→ Data shown
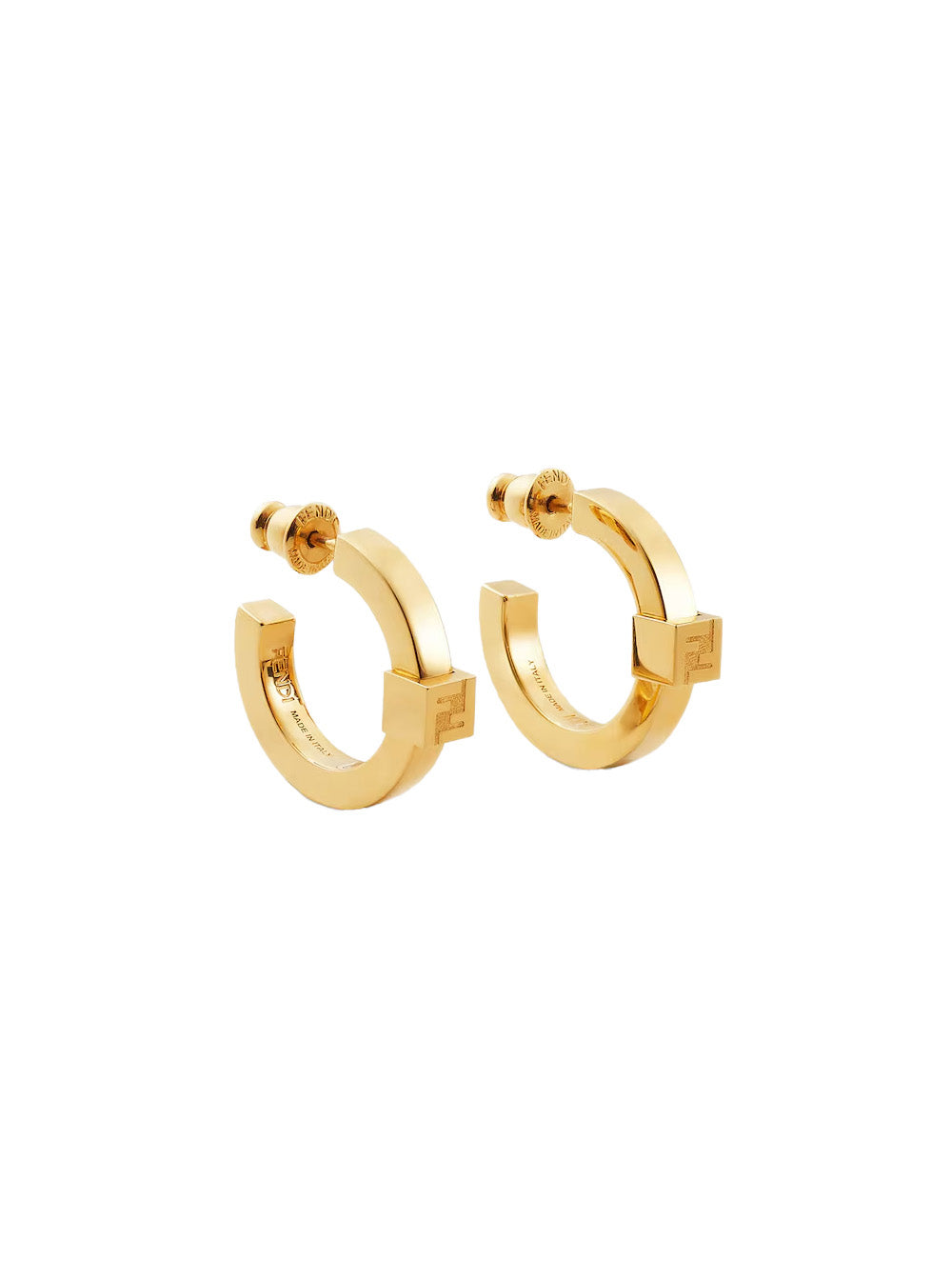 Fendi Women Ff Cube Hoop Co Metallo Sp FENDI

...

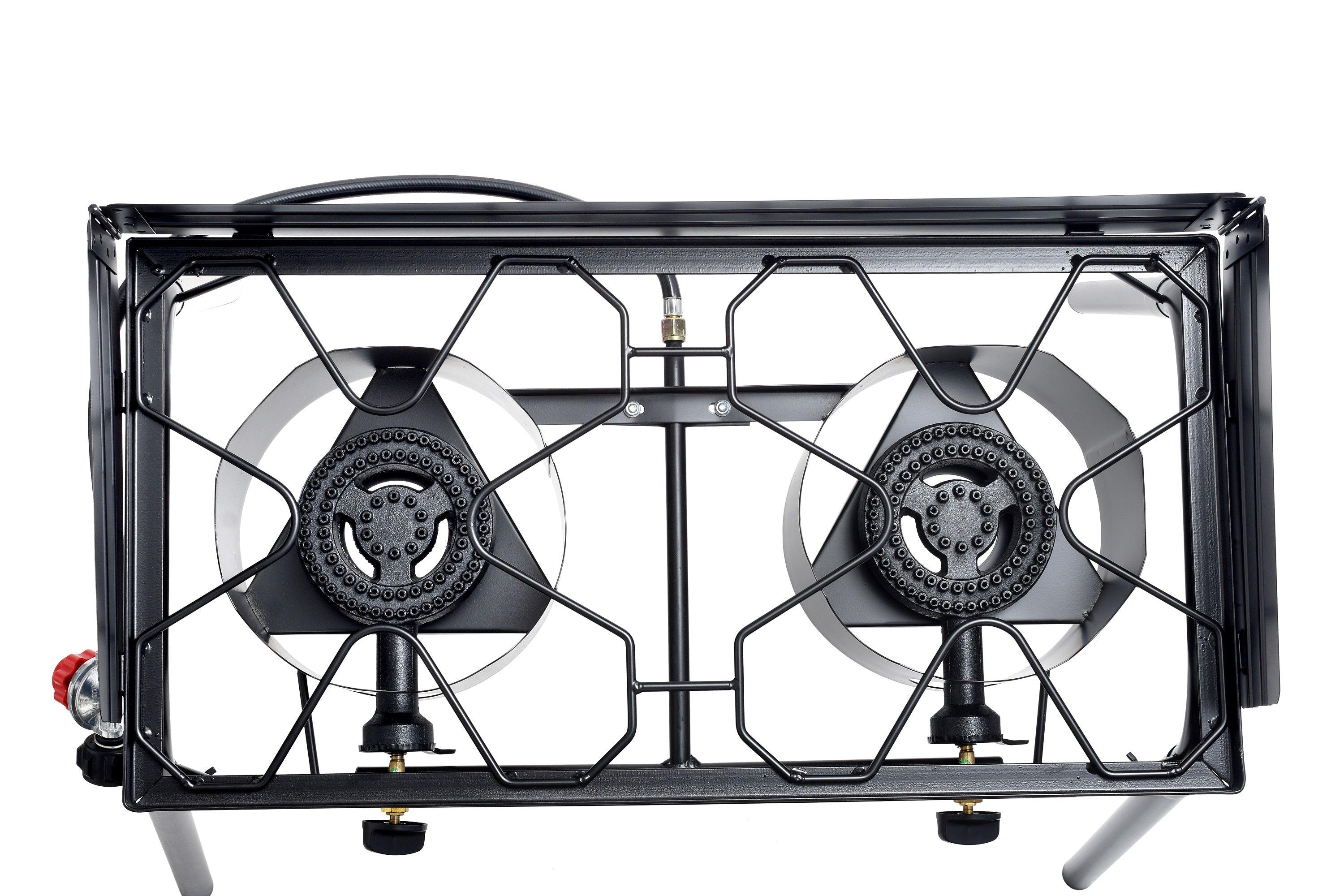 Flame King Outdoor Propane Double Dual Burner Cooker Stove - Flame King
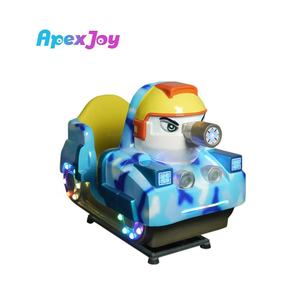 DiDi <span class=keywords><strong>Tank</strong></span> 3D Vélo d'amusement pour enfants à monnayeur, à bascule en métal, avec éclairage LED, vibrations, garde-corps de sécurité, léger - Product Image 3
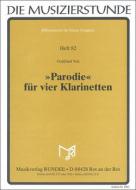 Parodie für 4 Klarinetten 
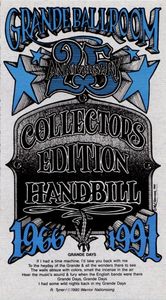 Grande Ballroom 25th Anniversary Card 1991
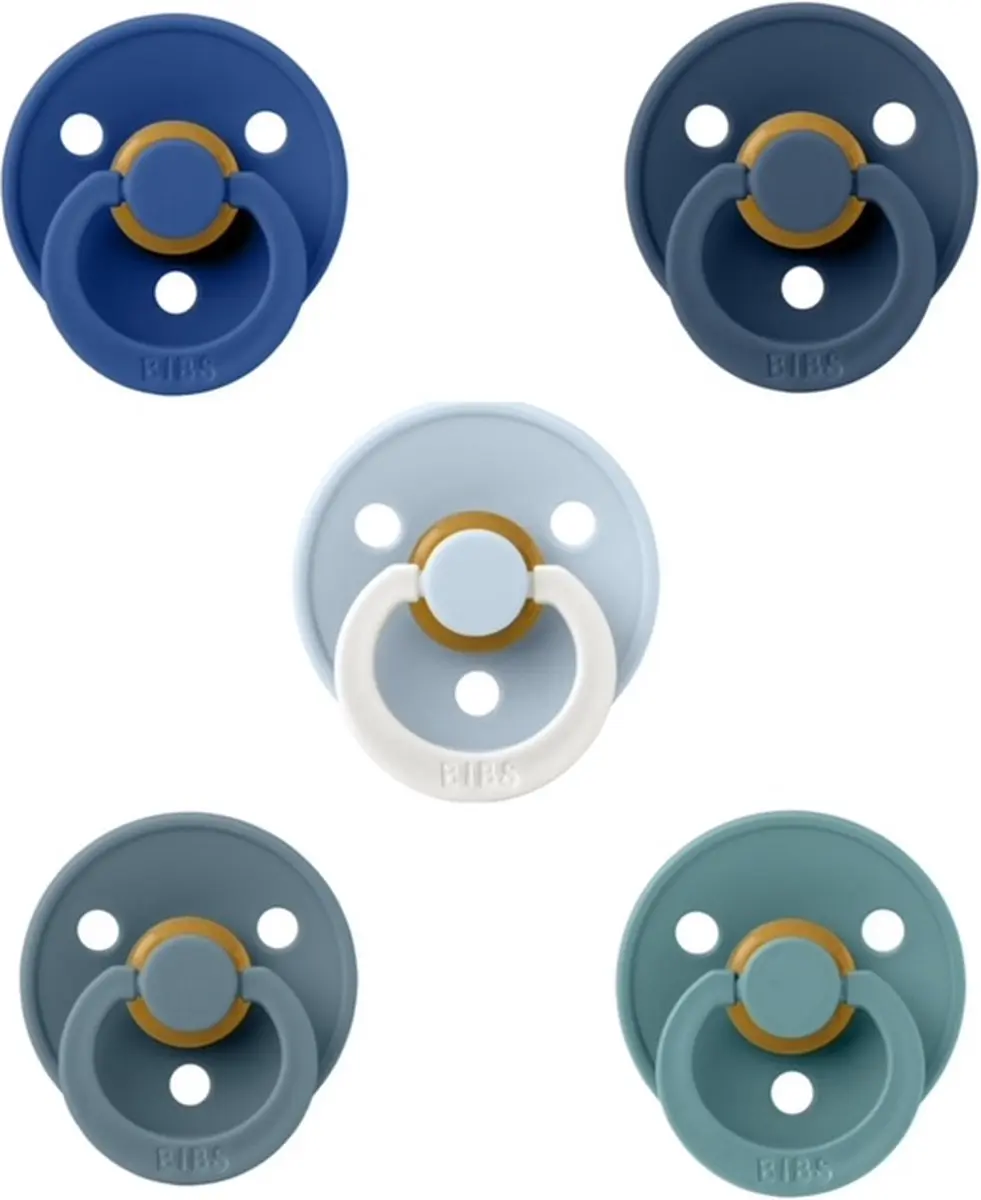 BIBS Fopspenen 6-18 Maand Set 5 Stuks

→ The problem
An exact copy is needed of the stretch above that opens with the line containing "Grande Ballroom 25th Anniversary Card 1991" and closes with the line containing "BIBS Fopspenen 6-18 Maand Set 5 Stuks"; the pictures are not part of it.

→ Written reply
 Grande Ballroom 25th Anniversary Card 1991
 BIBS Fopspenen 6-18 Maand Set 5 Stuks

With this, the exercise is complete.